Из всех фиванцев только дед его Кадм да старый прорицатель Тиресий распознают в прекрасном лидийце великого бога и решают принять его, «взять тирсы и, накинувши небриды, плющом седые головы увиты», пополнив его свиту. Царствующий в Фивах Пенфей, тоже внук Кадма, двоюродный брат Диониса, человек свободного образа мыслей, презирающий простонародные суеверия, очень недоволен какой-то непонятной ему смутой в стране, он пытается вразумить деда и Тиресия, а женственного лидийца, виновника всех беспорядков, приказывает изловить и привести к нему в цепях: «Пусть он, камнями побитый, умрет, на горьком опыте узнав, как здесь справляют праздники в честь Вакха». И вот они уже стоят друг против друга: всемогущий бог вечно сущей жизни – и умствующий Пенфей, сильный разумом, но черствый душой, дерзающий «превысить предел», положенный смертному, но, в сущности, даже не понимающий, в чем оно состоит, человеческое счастье:
Да и мудрость не в мудрость, когда
Человек выше смертного смотрит:
Век проходит, и время не ждет,
А ты счастье роняешь из рук,
За мечтою гоняясь!
Разума нет у таких мудрецов,
Жизнь расточают они без отрады, без пользы.

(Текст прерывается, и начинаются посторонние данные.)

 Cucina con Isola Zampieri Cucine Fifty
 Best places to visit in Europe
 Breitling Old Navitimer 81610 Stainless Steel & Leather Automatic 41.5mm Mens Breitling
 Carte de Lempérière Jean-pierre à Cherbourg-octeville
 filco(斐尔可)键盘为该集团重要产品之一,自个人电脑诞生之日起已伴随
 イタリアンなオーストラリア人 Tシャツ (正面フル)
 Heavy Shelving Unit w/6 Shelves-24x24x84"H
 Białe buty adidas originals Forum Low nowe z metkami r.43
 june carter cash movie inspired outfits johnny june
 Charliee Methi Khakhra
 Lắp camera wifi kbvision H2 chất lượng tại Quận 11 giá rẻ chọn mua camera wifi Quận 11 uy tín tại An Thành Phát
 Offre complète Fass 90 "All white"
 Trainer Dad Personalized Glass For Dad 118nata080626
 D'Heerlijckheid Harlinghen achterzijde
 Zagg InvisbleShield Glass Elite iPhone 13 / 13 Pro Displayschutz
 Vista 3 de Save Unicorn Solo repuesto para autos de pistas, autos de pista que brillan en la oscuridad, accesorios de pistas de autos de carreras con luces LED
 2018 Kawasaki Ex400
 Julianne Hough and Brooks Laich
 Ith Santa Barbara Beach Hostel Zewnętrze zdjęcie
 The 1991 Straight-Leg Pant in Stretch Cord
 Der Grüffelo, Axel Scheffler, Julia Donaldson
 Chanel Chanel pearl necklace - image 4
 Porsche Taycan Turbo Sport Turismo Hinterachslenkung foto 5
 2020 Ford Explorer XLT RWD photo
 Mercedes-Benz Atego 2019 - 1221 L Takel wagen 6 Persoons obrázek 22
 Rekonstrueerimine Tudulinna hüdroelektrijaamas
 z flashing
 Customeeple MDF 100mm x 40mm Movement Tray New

Напрасно блаженные в своем единении с богом, людьми и природой старики просят вольнодумца Пенфея смириться перед непознаваемым, не «чуждаться веры»:
Да, перед богом тщетно нам мудрить.
Предания отцов, как время, стары,
И где те речи, что низвергнут их,
Хотя бы в высях разума витал ты?
Напрасно сам Бромий, «бог суровый для гордых, а для кротких – нет добрей», уговаривает брата-богоборца признать его власть, являясь ему во всем своем всесокрушающем величии: он вызывает землетрясение, в огненных вспышках освобождается из оков, рушит царский чертог и ввергает в безумие царицу Агаву и других женщин, заставляя их разрывать руками коров, в щепы разносить крестьянский скарб, похищать детей и наносить страшные раны мужчинам, пытающимся вернуть их домой. Упорствуя, Пенфей грозится перебить всех женщин в ущелье Киферона и так или иначе посрамить самозваного бога. И тогда Дионис решает по заслугам наказать этого смертного, возомнившего себя равным, а то и выше бога и противопоставившего свой жалкий человеческий разум, свою смехотворную земную власть его вечной силе:
Ты сам не знаешь, что желает сердце,
Ты сам не знаешь, что творит рука,
Ты сам не знаешь, что ты есть и будешь.
Он ввергает в безумие гордого своим свободомыслием царя, с улыбкой накидывая ему петлю на шею, делая его «посмешищем для Фив». По его совету Пенфей переодевается в женское платье, чтобы тайно проникнуть на оргию вакханок, и находит там гибель от рук собственной матери Агавы, в безумии своем представляющей, что она разрывает на части льва. Так, беспощадно и насмешливо, восстанавливает свою непреложную власть Дионис, точно сама Природа, равнодушно сметающая на своем пути все, что противоречит ее законам, и неизменно восстанавливающая равновесие, которое никому не дано нарушить:
Необузданным речам
И безверья слепоте
Злой конец определен,
А рассудок и покой
Человека берегут:
С ними жизнь его прочна,
Держатся миром и домы.
Спор Пенфея с Тиресием и Кадмом, раскрывающий смысл трагедии, – это все еще тот диалог поэта с самим собой, конец которому положила только его смерть, но так и не завершила его. И если богоборец Пенфей – это, без сомнения, одна из ипостасей самого Еврипида, то, чем был он всегда, то счастливые в своей искренней вере старцы – это то, чем он, очень возможно, хотел бы стать на склоне лет, но чем он никогда не был и не мог быть. Сын Мнесарха давно уже понял, что глубокий и проницательный разум никогда не уживается со счастливой простотой, что стремление перешагнуть меру, положенную смертному (стремление, всю жизнь снедавшее его самого), опасно, но он не мог стать другим, не мог смирить свой мятежный дух, жаждущий достичь пределов познания:
Не прихоть ли, коль так благоустроил
Бог нашу жизнь, быть ею недовольным?
Но дух наш хочет быть сильнее бога,
Мы в горделивых помыслах готовы
Считать себя умней самих бессмертных.
Так писал он еще в «Просительницах», чтобы опять и опять повторять это в «Вакханках»:
Нет, горя не знать
Дано лишь тем,
Кто божье оставил богам.
Что мудрость, коли счастья не может дать она?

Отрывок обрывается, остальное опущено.